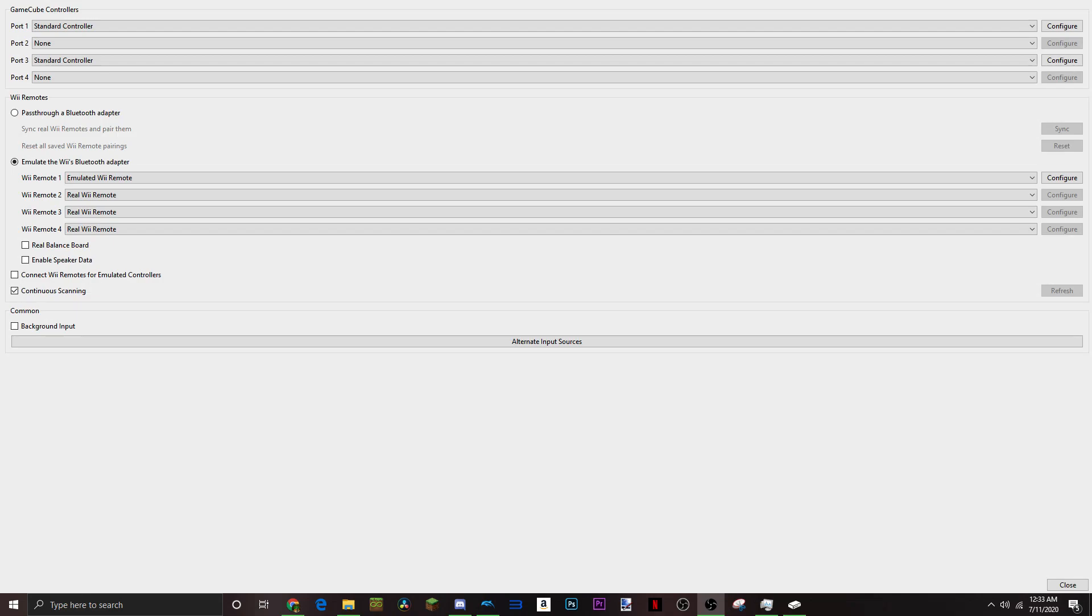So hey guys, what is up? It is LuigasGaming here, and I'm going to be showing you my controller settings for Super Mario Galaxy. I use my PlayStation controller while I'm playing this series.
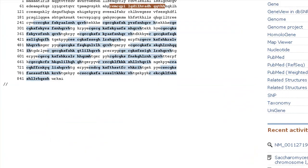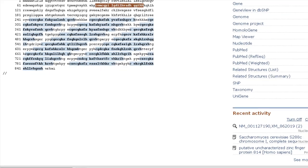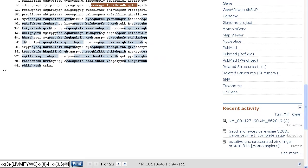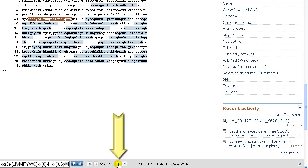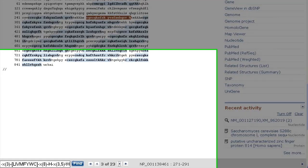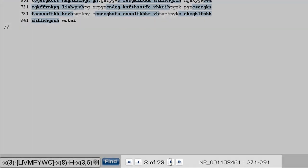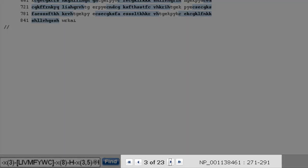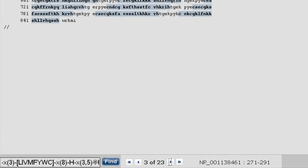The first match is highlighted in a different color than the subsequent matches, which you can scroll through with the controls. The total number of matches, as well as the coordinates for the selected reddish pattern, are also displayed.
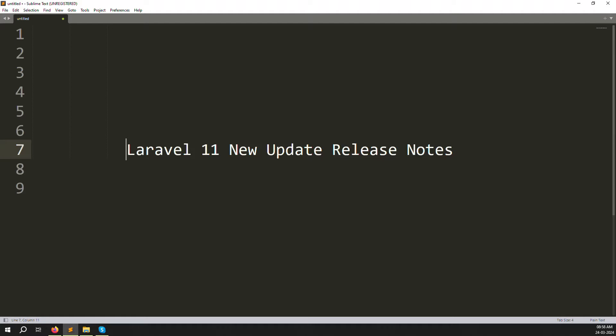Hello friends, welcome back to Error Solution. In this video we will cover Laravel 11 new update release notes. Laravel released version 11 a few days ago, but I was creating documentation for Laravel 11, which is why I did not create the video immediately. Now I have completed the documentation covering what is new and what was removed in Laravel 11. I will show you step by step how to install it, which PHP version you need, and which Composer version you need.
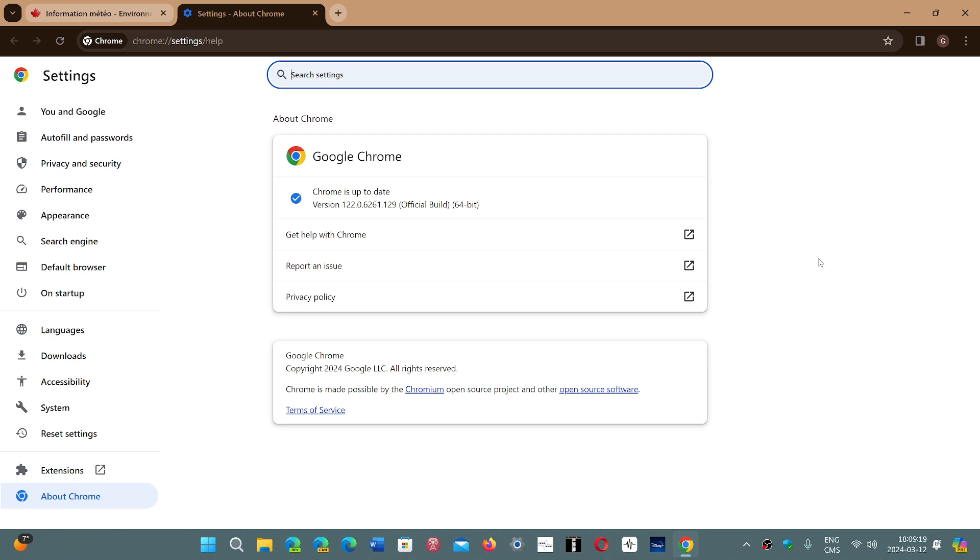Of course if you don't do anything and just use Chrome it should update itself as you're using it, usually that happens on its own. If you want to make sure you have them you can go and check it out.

+===+

* [Problem to work on]:
Could you give the listing again exactly as it stands, minus any pictures?

* [Result]:
So hey guys, what is up? It is LuigasGaming here, and I'm going to be showing you my controller settings for Super Mario Galaxy. I use my PlayStation controller while I'm playing this series.
The first match is highlighted in a different color than the subsequent matches, which you can scroll through with the controls. The total number of matches, as well as the coordinates for the selected reddish pattern, are also displayed.
Hello friends, welcome back to Error Solution. In this video we will cover Laravel 11 new update release notes. Laravel released version 11 a few days ago, but I was creating documentation for Laravel 11, which is why I did not create the video immediately. Now I have completed the documentation covering what is new and what was removed in Laravel 11. I will show you step by step how to install it, which PHP version you need, and which Composer version you need.
Of course if you don't do anything and just use Chrome it should update itself as you're using it, usually that happens on its own. If you want to make sure you have them you can go and check it out.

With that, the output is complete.